Embodiments described herein are directed to methods of treating developmental and epileptic encephalopathy (DEE) comprising administering to a subject in need thereof a therapeutically effective amount of a compound, or a pharmaceutically acceptable salt thereof, selected from the group consisting of N-(1-cyclobutyl-4-fluoro-6-(1-hydroxycyclobutyl)-1H-benzo[d]imidazol-2-yl)-4,4,4-trifluoro-3,3-dimethylbutanamide; N-(1-(tert-butyl)-6-(difluoromethoxy)-1H-benzo[d]imidazol-2-yl)-3,3-dimethylbutanamide; N-(6-cyano-1-(1,1,1-trifluoro-2-methylpropan-2-yl)-1H-benzo[d]imidazol-2-yl)-3,3-dimethylbutanamide; N-(1-cyclobutyl-4-fluoro-6-(2-hydroxypropan-2-yl)-1H-benzo[d]imidazol-2-yl)-2-(1-methylcyclopropyl)acetamide; N-(6-cyano-1-cyclobutyl-4-fluoro-1H-benzo[d]imidazol-2-yl)-3,3-dimethylbutanamide; N-(1-cyclobutyl-6-fluoro-1H-benzo[d]imidazol-2-yl)-3,3-dimethylbutanamide; N-(1-(tert-butyl)-6-cyano-4-fluoro-1H-benzo[d]imidazol-2-yl)-3,3-dimethylbutanamide; N-(7-cyano-1-(1-methylcyclobutyl)-1H-benzo[d]imidazol-2-yl)-3-cyclopropyl-3-methylbutanamide; N-(6-chloro-7-cyano-1-cyclobutyl-1H-benzo[d]imidazol-2-yl)-3,3-dimethylbutanamide; N-(1-cyclobutyl-5-fluoro-1H-benzo[d]imidazol-2-yl)-3,3-dimethylbutanamide; N-(1-(tert-butyl)-6-cyano-4,7-difluoro-1H-benzo[d]imidazol-2-yl)-3,3-dimethylbutanamide; N-(6-cyano-1-cyclobutyl-7-(trifluoromethyl)-1H-benzo[d]imidazol-2-yl)-3,3-dimethylbutanamide; N-(6-cyano-4,7-difluoro-1-(1-methylcyclobutyl)-1H-benzo[d]imidazol-2-yl)-3,3-dimethylbutanamide; N-(1-(tert-butyl)-5,7-difluoro-1H-benzo[d]imidazol-2-yl)-4,4,4-trifluoro-3,3-dimethylbutanamide; and N-(1-(tert-butyl)-5,6-difluoro-1H-benzo[d]imidazol-2-yl)-2-(2,2,3,3-tetrafluorocyclobutyl)acetamide. In embodiments, the subject is a pediatric subject.

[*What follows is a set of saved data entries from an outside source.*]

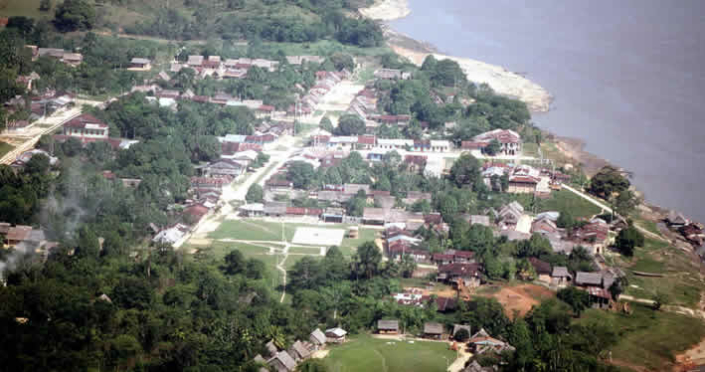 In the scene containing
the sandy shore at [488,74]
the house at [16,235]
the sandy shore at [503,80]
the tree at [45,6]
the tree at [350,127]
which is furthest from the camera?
the tree at [45,6]

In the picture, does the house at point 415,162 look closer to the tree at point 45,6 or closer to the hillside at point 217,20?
the hillside at point 217,20

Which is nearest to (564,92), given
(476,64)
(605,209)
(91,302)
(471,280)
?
(476,64)

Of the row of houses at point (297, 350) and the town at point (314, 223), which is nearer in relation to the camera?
the row of houses at point (297, 350)

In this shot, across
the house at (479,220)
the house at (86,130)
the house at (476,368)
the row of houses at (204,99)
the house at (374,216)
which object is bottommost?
the house at (476,368)

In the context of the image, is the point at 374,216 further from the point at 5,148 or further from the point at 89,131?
the point at 5,148

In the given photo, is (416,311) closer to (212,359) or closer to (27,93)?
(212,359)

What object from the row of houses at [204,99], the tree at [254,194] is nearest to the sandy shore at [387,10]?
the row of houses at [204,99]

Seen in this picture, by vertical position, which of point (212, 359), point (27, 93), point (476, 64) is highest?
point (476, 64) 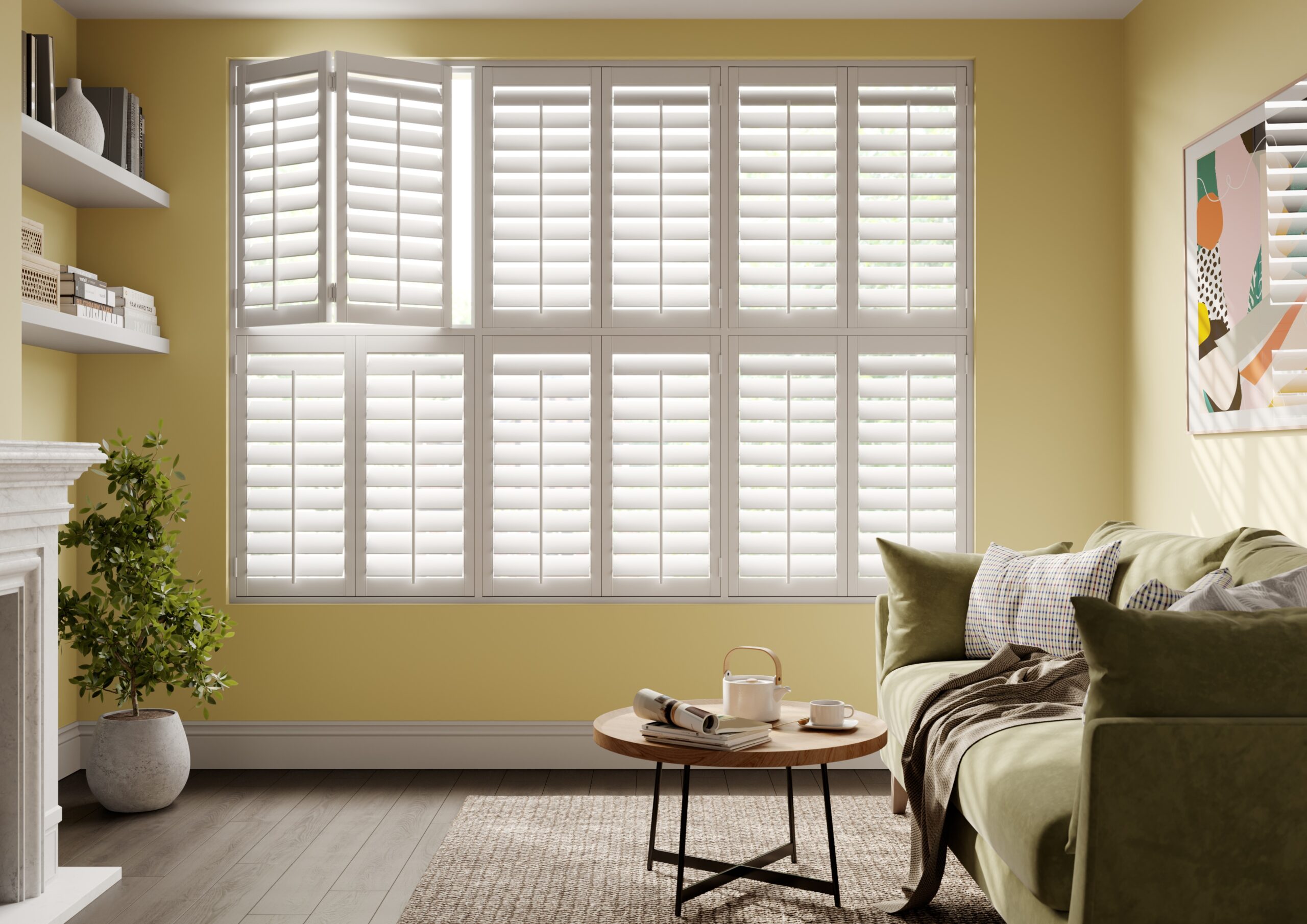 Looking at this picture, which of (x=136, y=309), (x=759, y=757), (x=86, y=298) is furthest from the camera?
(x=136, y=309)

In certain embodiments, the developmental and epileptic encephalopathy (DEE) are selected from the group consisting of ATP6V1A encephalopathy, autosomal dominant rolandic epilepsy with speech dyspraxia (ADRESD), CDKL5 encephalopathy, epileptic encephalopathy with continuous spike-and-wave during sleep syndrome (ECSWS), GRIN1 encephalopathy, GRIN2A epilepsy-aphasia syndrome, GRIN2B encephalopathy, intermediate epilepsy-aphasia disorder (IEAD), KCNT1 epilepsy of infancy with migrating focal seizures, non-syndromic developmental and epileptic encephalopathy, PTPN23 enchephalopathy, Rasmussen syndrome, SCN2A-related neonatal epilepsies, STXBP1 encephalopathy, and combinations thereof.